The motivation behind the formulation of AC involving choice functions is the following: If we have a well defined collection $C$ of non-empty sets there is a way of picking out exactly one member of $C$ such that the resulting collection is a set. Russell's example about socks is just a nice way to spell this out.

The same idea underlies the version of AC that refers to products: Given a non-empty family of non-empty sets there exists a function that sends every index $i$ to exactly one member of the set indexed by $i$. This function picks out a member of each non-empty set from the family such that the resulting collection is a set.

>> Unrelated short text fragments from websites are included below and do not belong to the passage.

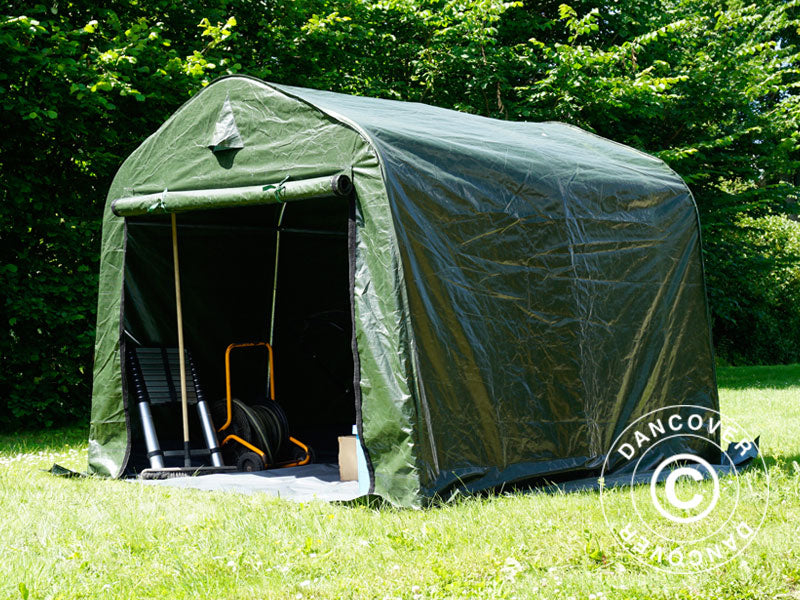Storage tent PRO 2.4x2.4x2 m PE, with ground cover, Green/Grey
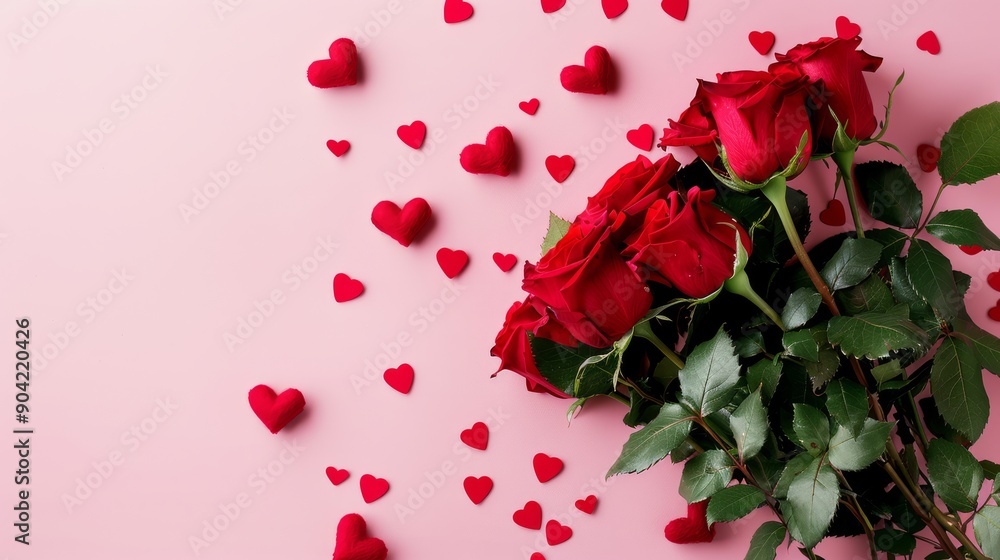 A stunning arrangement of vibrant red roses paired with heartshaped confetti on a soft pink background A stunning arrangement of vibrant red roses paired with heartshaped confetti on a soft pink background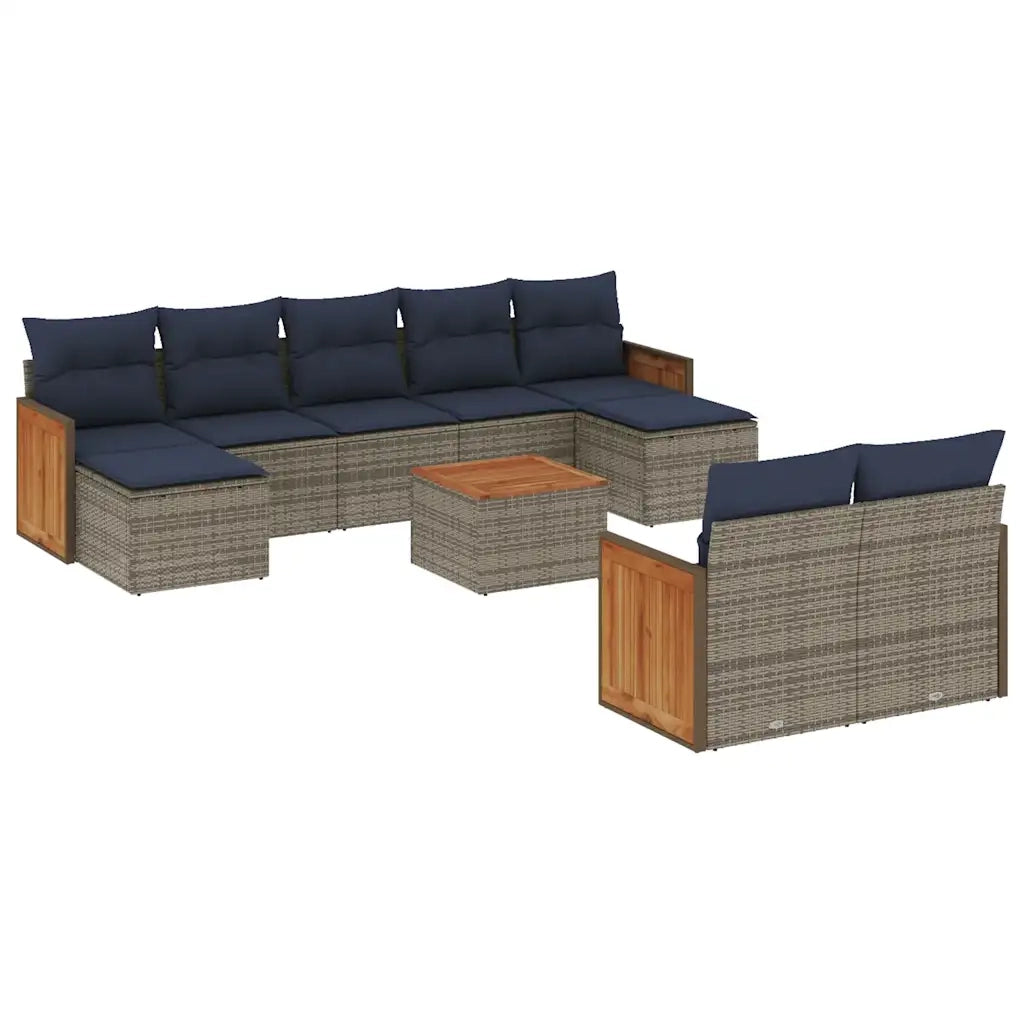 Set Divani da Giardino 10 pz con Cuscini Grigio in Polyrattan 3228091
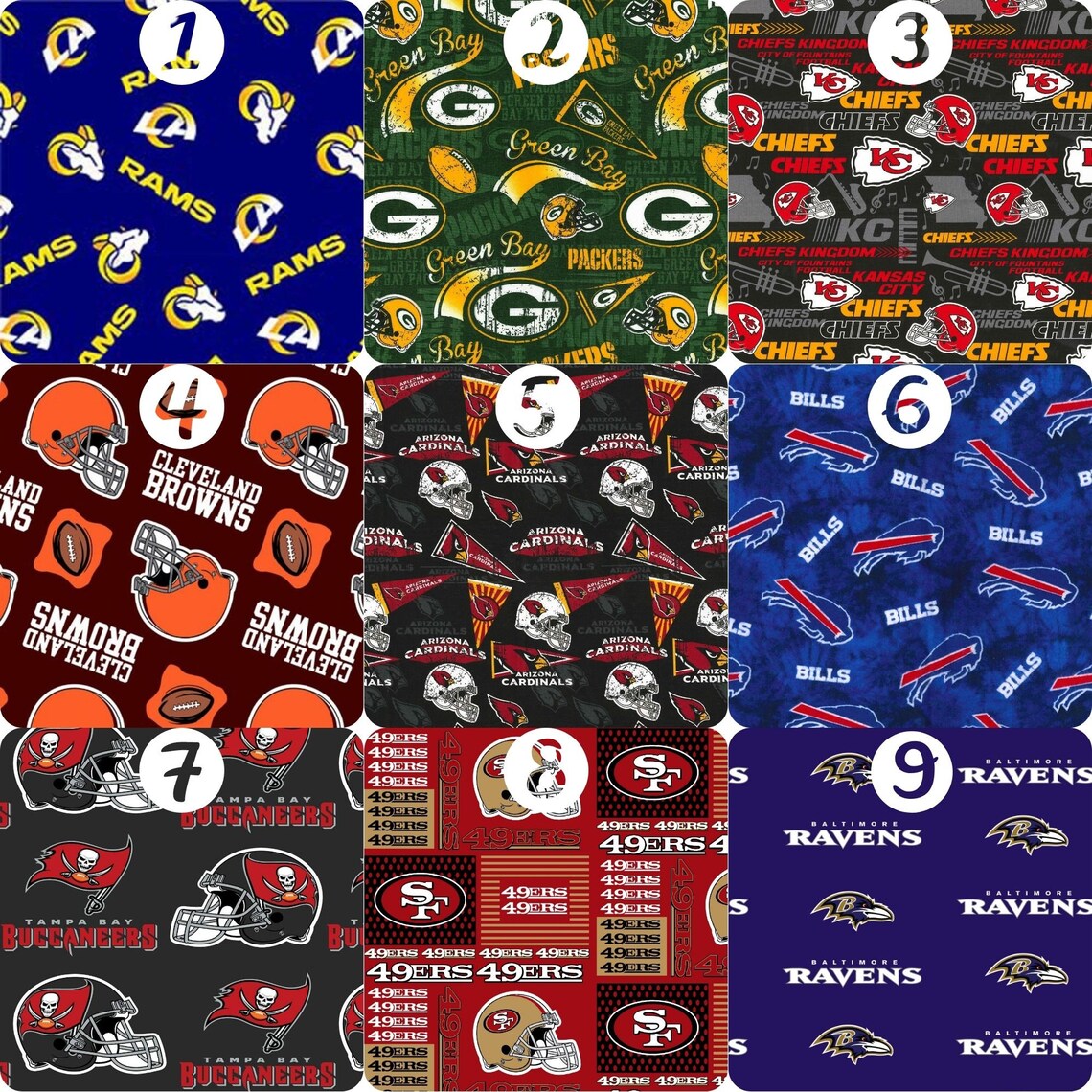 NFL Team Fabrics by the Yard/half Yard 100 Polyester Fabric Etsy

That both versions of AC are equivalent is immediate in the context of ZF: Assume the choice function formulation and consider the Product $\Pi _{i \in I} X_i$ for some familiy $(X_i)_{i \in I}$ with $I \not = \emptyset$ and $X_i \not = \emptyset$. Let $g$ be a choice function for the set of the $X_i$ and define $f$ by $f(i) = g(X_i)$, for every $i \in I$. Then $f \in \Pi _{i \in I} X_i$. Conversely, assume the product version of AC and consider some non-empty set $X$ of non-empty sets. If we let $I = X$, the identity map on $I$ is a non-empty familiy of non empty sets $(X_i)_{i \in I}$. So, there is some $f \in \Pi _{i \in I} X_i$, which is a choice function for $X$.

Answer 3

I'm not sure about the "sock and shoe" metaphor, but here's a simple way to think about things.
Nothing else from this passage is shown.